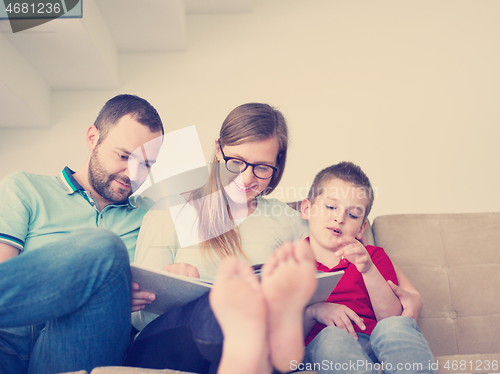 Image of family with little boy enjoys in the modern living room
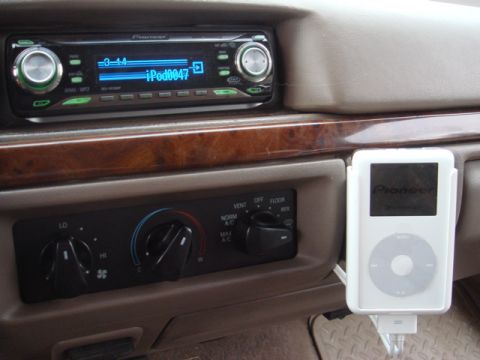 1996 Ford Bronco - Tan dash center stack fitted with an aftermarket Pioneer CD/MP3 head unit displaying "iPod0047" on its blue screen, a wood-grain trim strip…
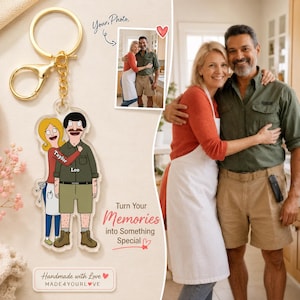 May include: A clear acrylic keychain featuring a cartoon illustration of a couple, with the names Taylor and Leo printed on their shirts. The keychain includes a gold-toned metal ring and clasp, and is displayed alongside a photograph of the couple.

○ ○ ○

#### [Your instructions]
A verbatim copy of the listing, with all pictures removed, is required.

#### [Result of this exercise]
 Image of family with little boy enjoys in the modern living room
 1996 Ford Bronco - Tan dash center stack fitted with an aftermarket Pioneer CD/MP3 head unit displaying "iPod0047" on its blue screen, a wood-grain trim strip…
 May include: A clear acrylic keychain featuring a cartoon illustration of a couple, with the names Taylor and Leo printed on their shirts. The keychain includes a gold-toned metal ring and clasp, and is displayed alongside a photograph of the couple.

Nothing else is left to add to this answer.